• _WHAT YOU HAVE TO DO_
Repeat the data verbatim, images excluded.

[RECORDS FOR THE TASK Boundary: Start]

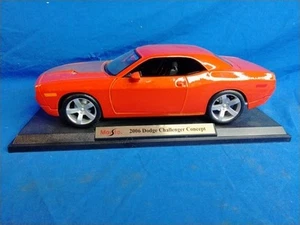 Maisto 2006 Dodge Challenger Concept Diecast 1:18 Scale Hood Trunk Doors Open - Picture 1 of 11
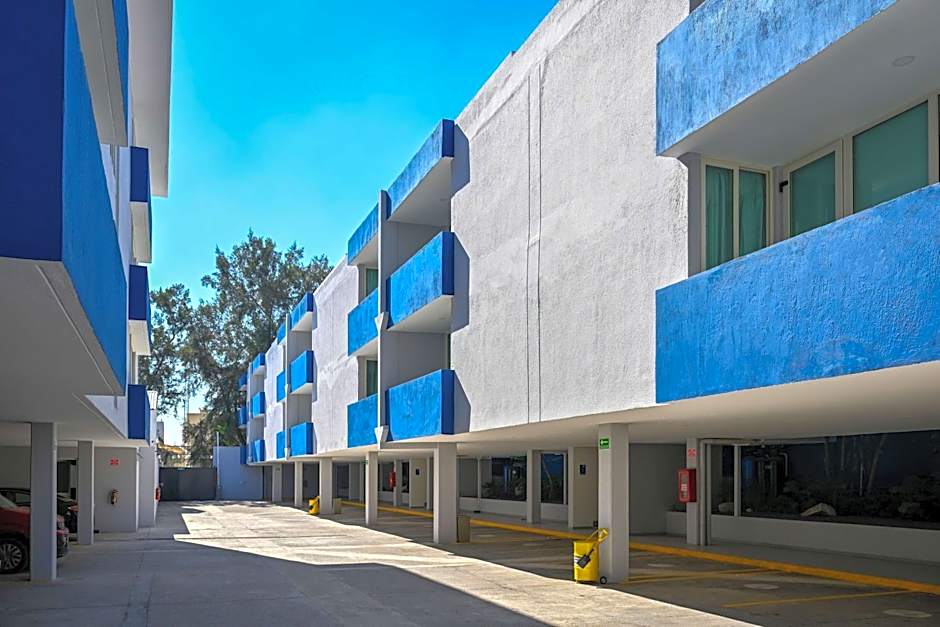 Vista Express Guadalajara Expo SureStay Collection by BW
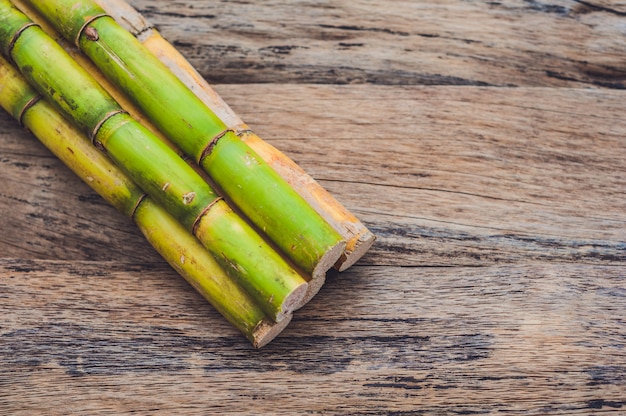 Gambi di canna da zucchero su uno sfondo di legno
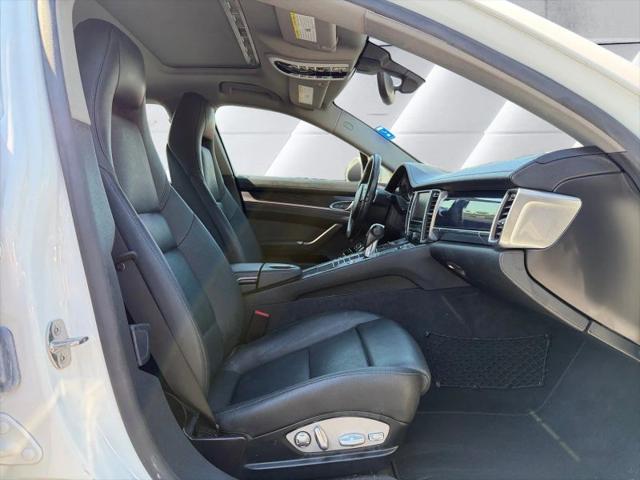 2015 Porsche Panamera 4S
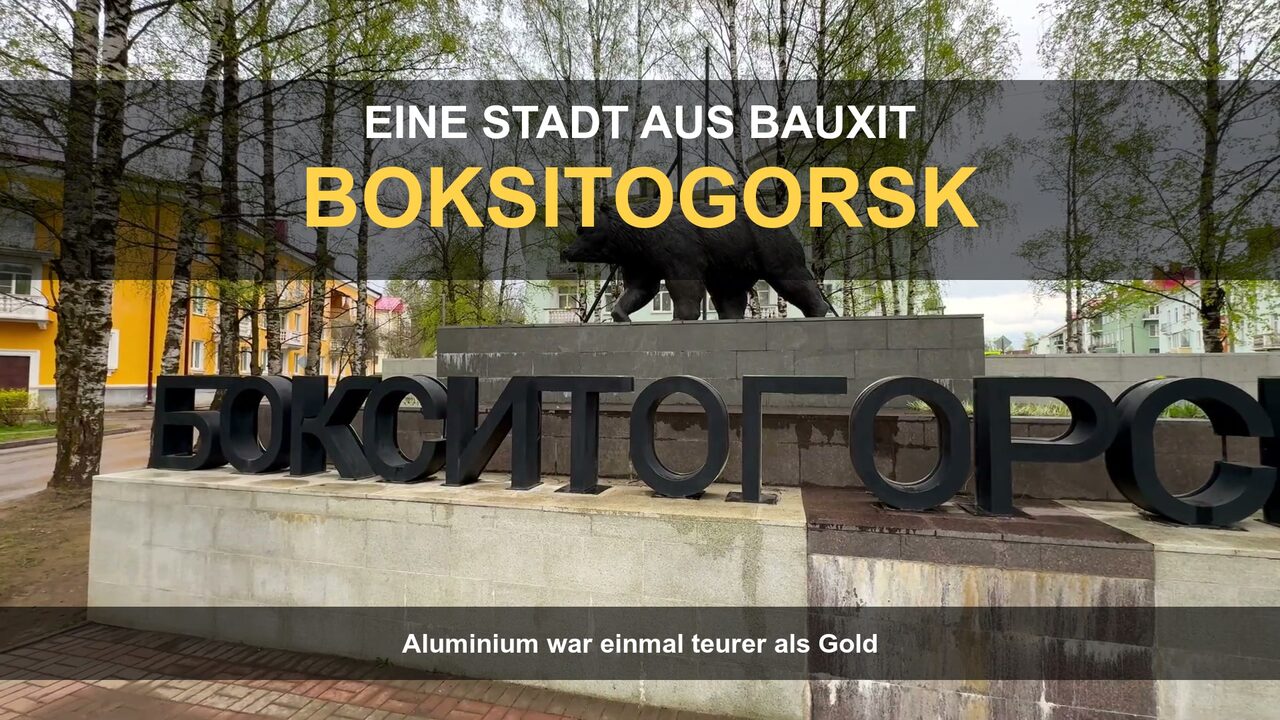 Das Ortsschild von Boksitogorsk mit dem Bären als Wappentier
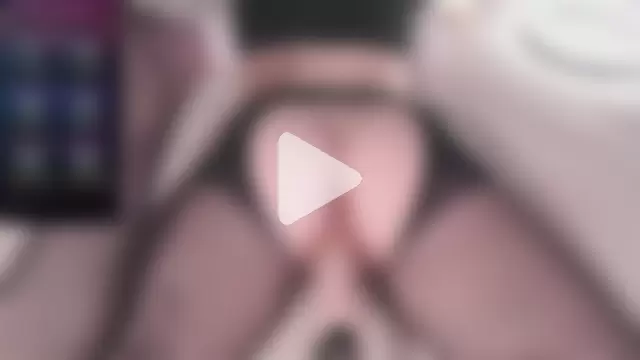 AngelinaRogs photo 1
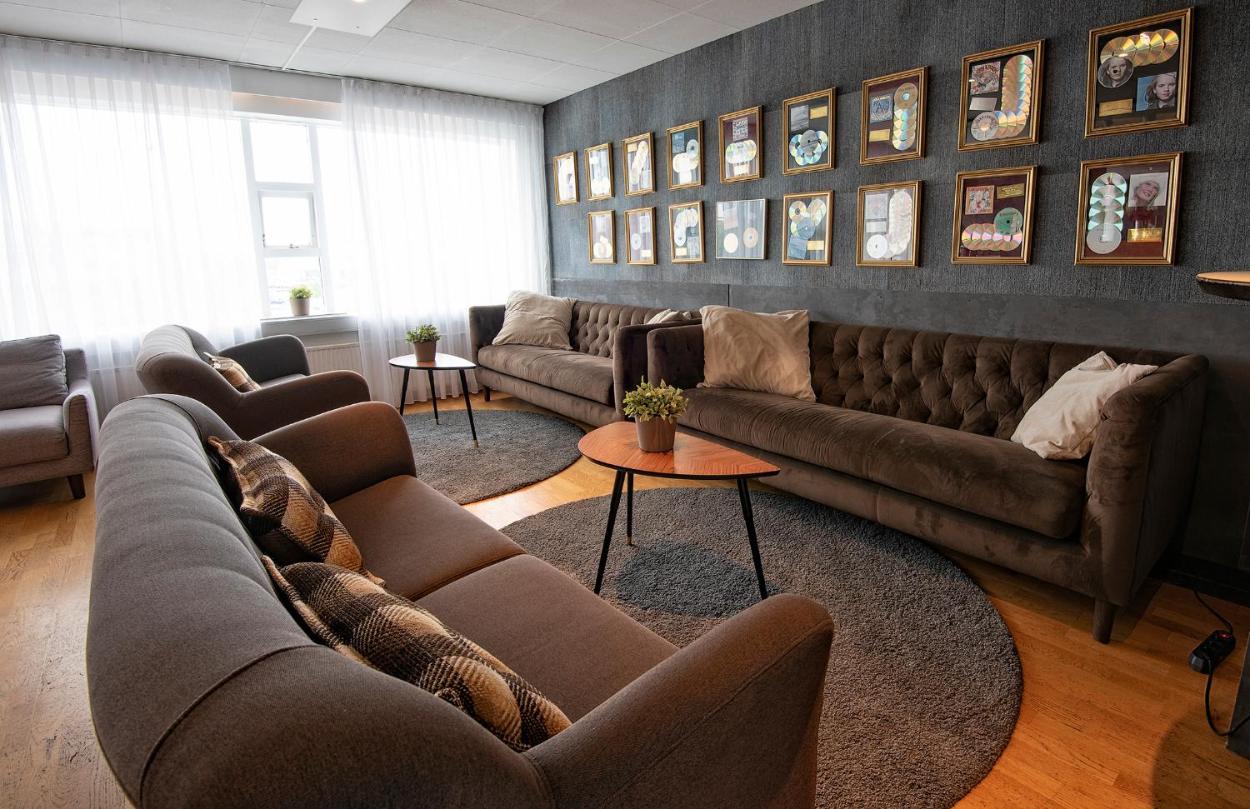 B14 Guesthouse for Large Groups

[RECORDS FOR THE TASK Boundary: End]

• _TASK SOLUTION_
 Maisto 2006 Dodge Challenger Concept Diecast 1:18 Scale Hood Trunk Doors Open - Picture 1 of 11
 Vista Express Guadalajara Expo SureStay Collection by BW
 Gambi di canna da zucchero su uno sfondo di legno
 2015 Porsche Panamera 4S
 Das Ortsschild von Boksitogorsk mit dem Bären als Wappentier
 AngelinaRogs photo 1
 B14 Guesthouse for Large Groups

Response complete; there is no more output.